**Brief**
The copy must match the data word for word and contain no pictures.

**Given data**
+++

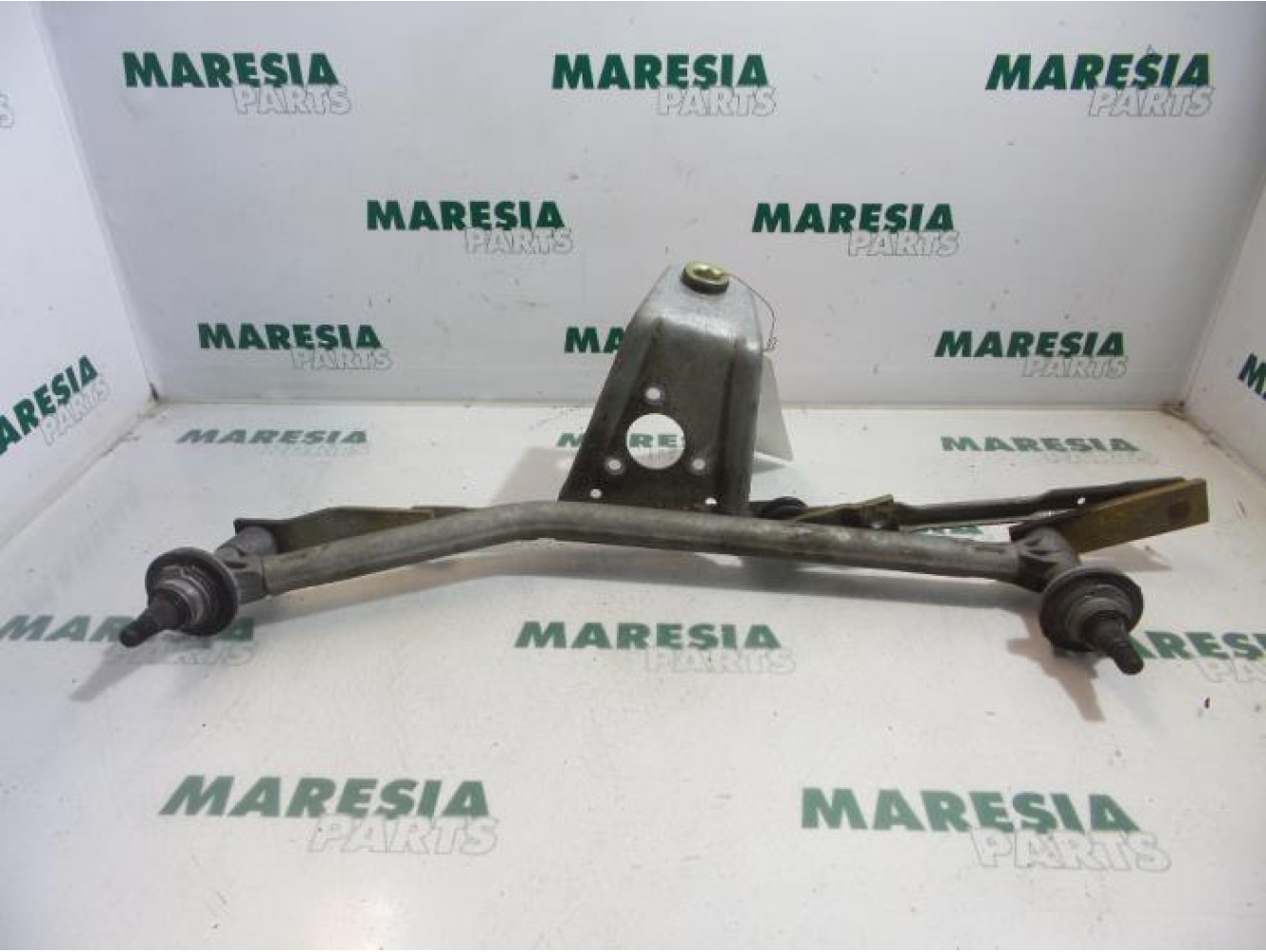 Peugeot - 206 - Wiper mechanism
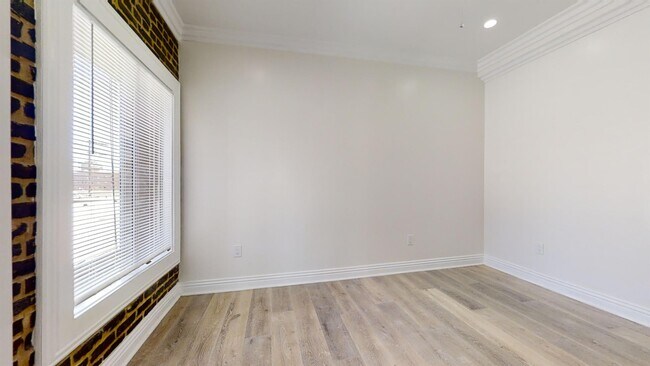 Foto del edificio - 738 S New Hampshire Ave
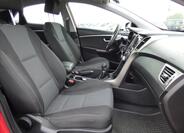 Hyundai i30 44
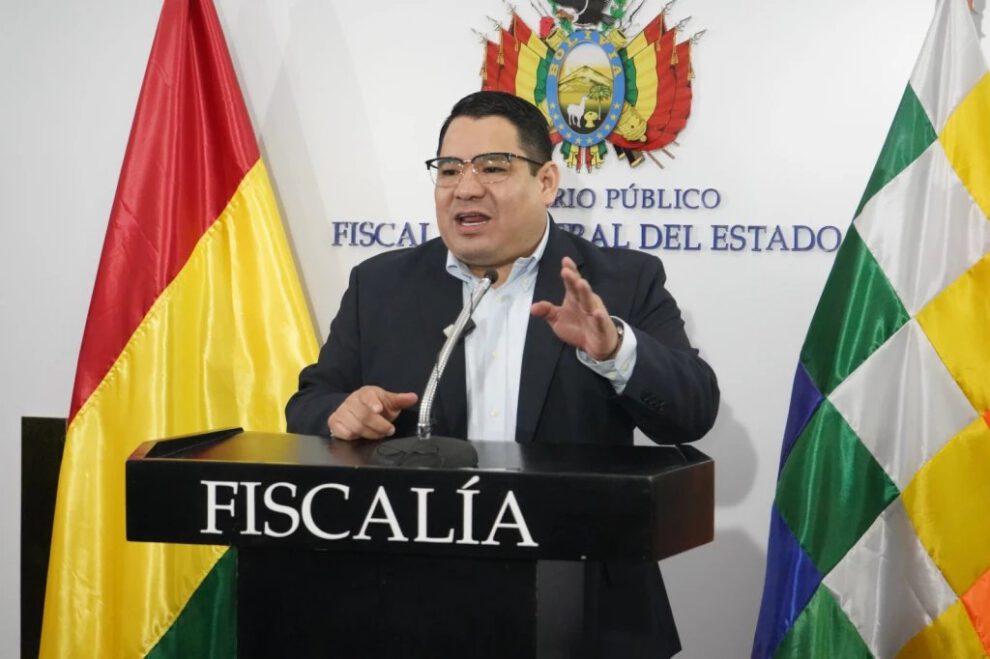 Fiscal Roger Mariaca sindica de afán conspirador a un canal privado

+++

**Problem solution**
 Peugeot - 206 - Wiper mechanism
 Foto del edificio - 738 S New Hampshire Ave
 Hyundai i30 44
 Fiscal Roger Mariaca sindica de afán conspirador a un canal privado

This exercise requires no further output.